### Information shown
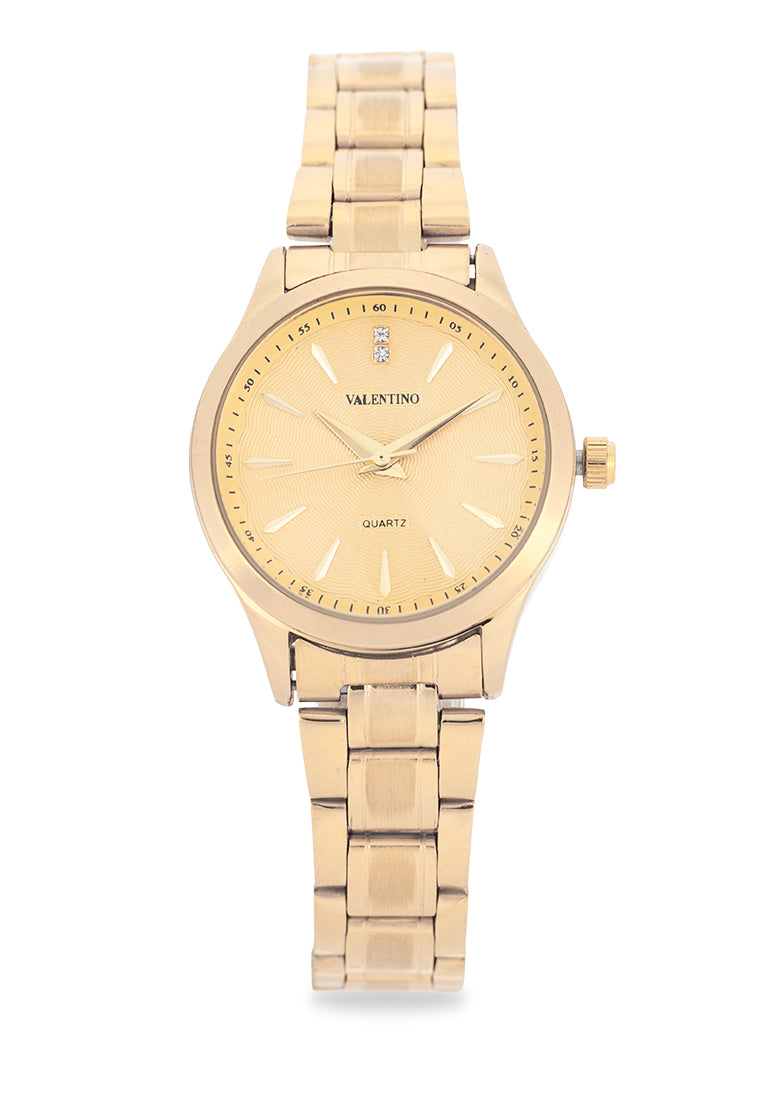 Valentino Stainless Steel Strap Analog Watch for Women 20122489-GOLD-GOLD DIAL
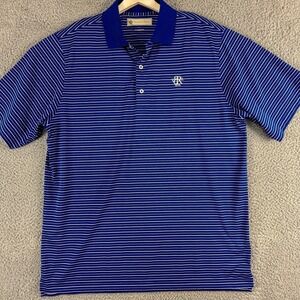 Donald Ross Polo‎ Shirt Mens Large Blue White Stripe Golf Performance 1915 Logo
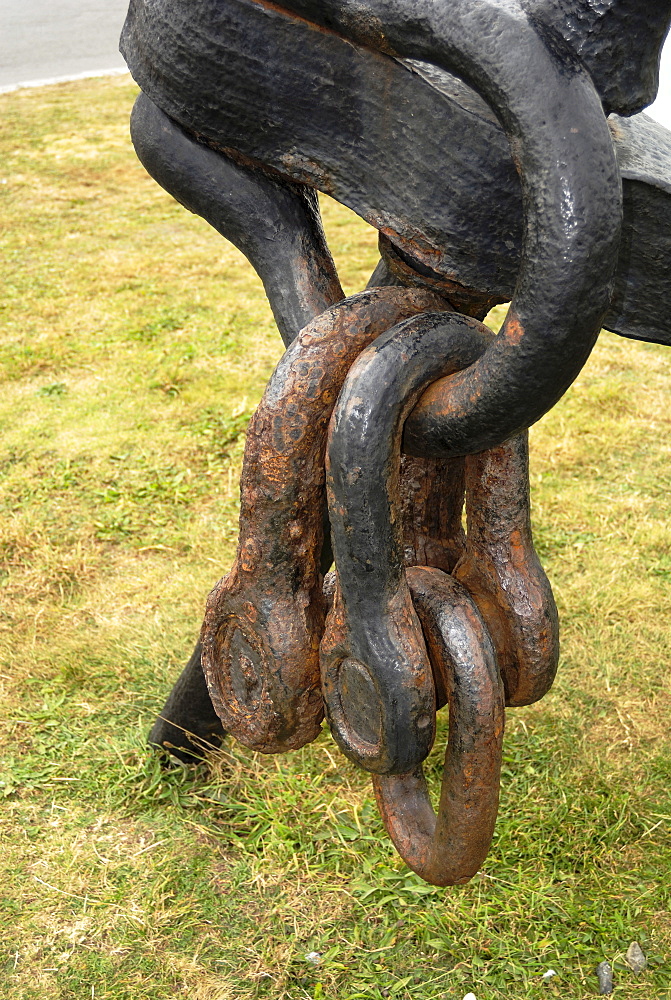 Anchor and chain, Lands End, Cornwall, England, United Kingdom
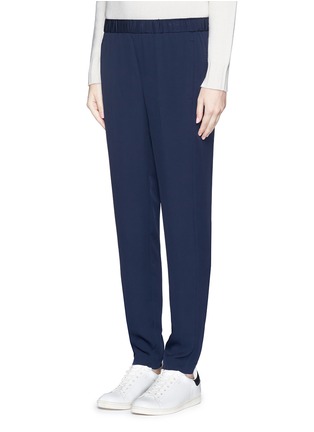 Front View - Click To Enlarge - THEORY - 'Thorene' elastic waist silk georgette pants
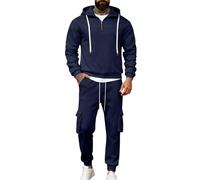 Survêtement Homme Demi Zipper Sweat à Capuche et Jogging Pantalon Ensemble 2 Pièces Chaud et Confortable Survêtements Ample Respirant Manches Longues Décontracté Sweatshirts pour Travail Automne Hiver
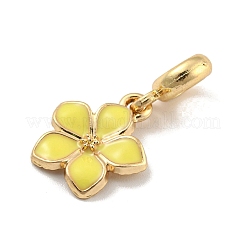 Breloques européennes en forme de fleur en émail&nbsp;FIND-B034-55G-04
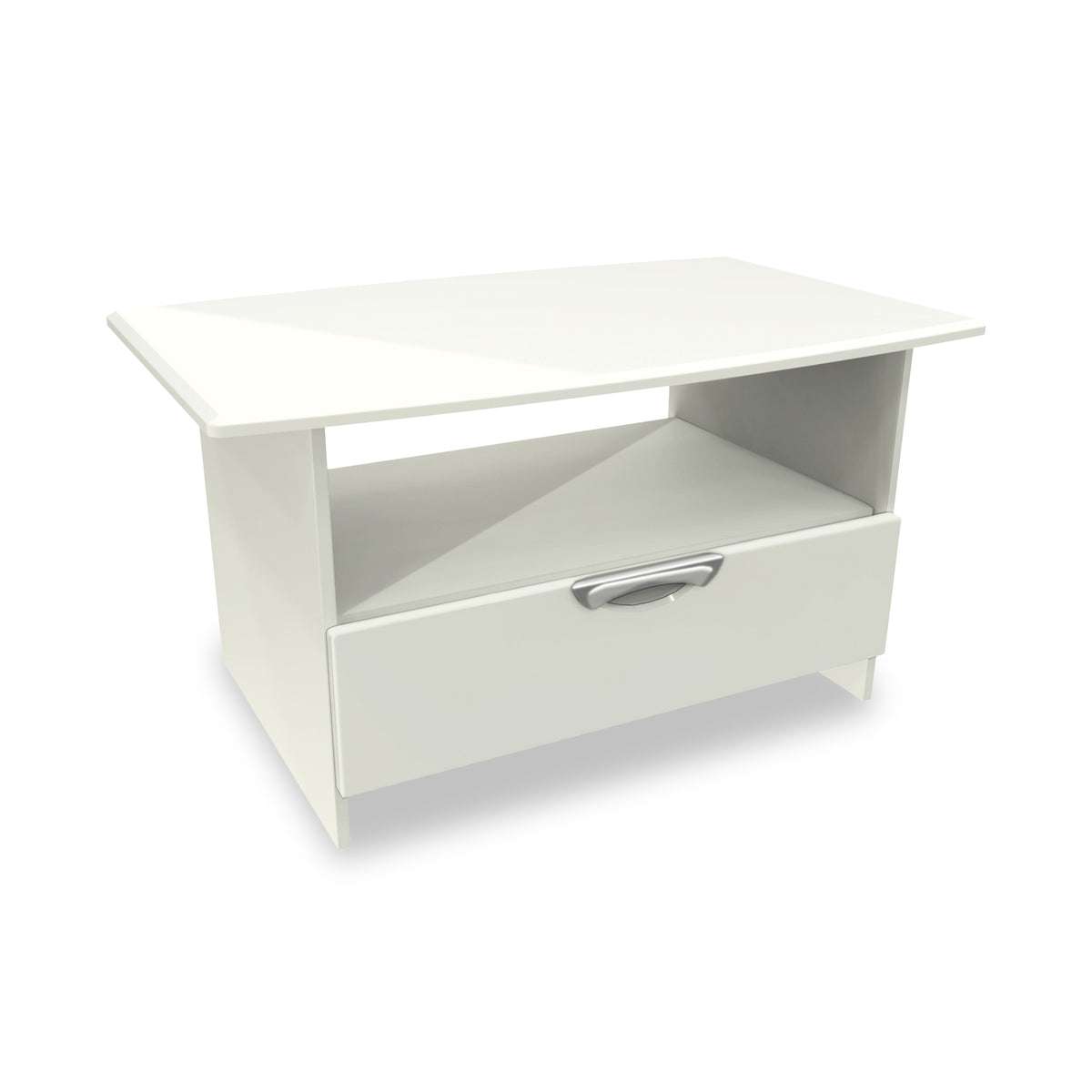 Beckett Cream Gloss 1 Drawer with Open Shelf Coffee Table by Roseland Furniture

* * *

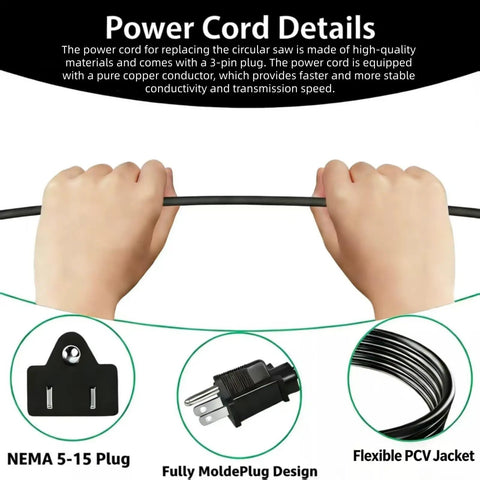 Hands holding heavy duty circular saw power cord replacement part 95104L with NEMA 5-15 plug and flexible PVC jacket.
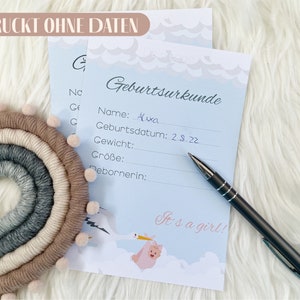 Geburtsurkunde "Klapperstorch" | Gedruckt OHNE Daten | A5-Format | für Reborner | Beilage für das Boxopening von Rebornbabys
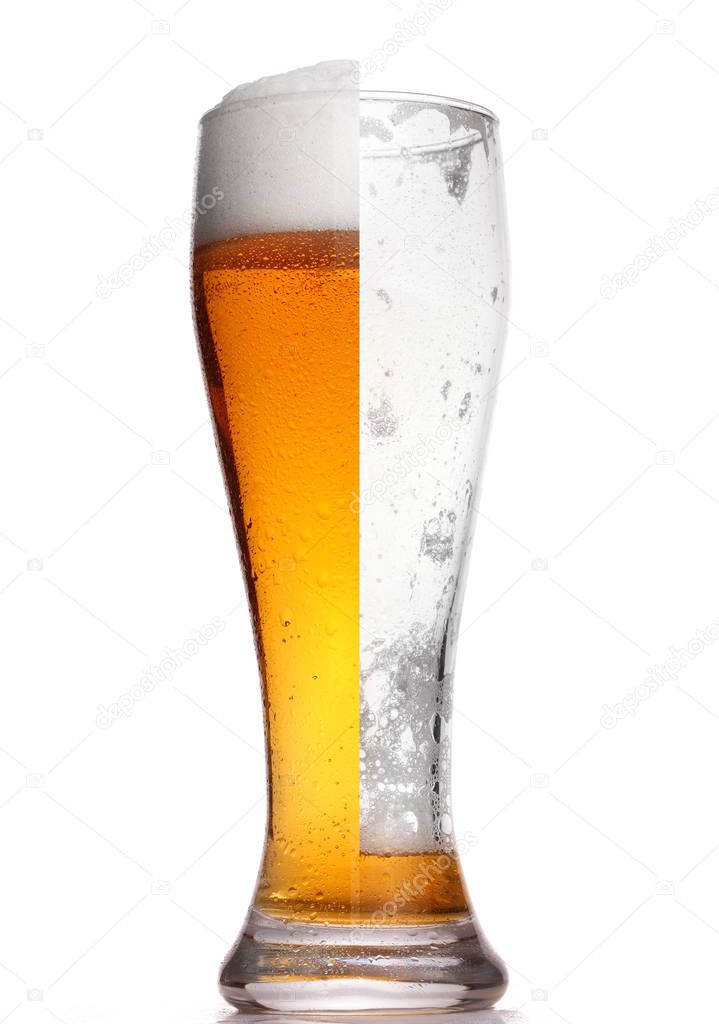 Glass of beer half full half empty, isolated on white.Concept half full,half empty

### Exercise description
In the data above, take the line with "Breloques européennes en", the line with "Beckett Cream Gloss", and every line between, and set them down exactly without pictures.

### Response for this exercise
 Breloques européennes en forme de fleur en émail&nbsp;FIND-B034-55G-04
 Beckett Cream Gloss 1 Drawer with Open Shelf Coffee Table by Roseland Furniture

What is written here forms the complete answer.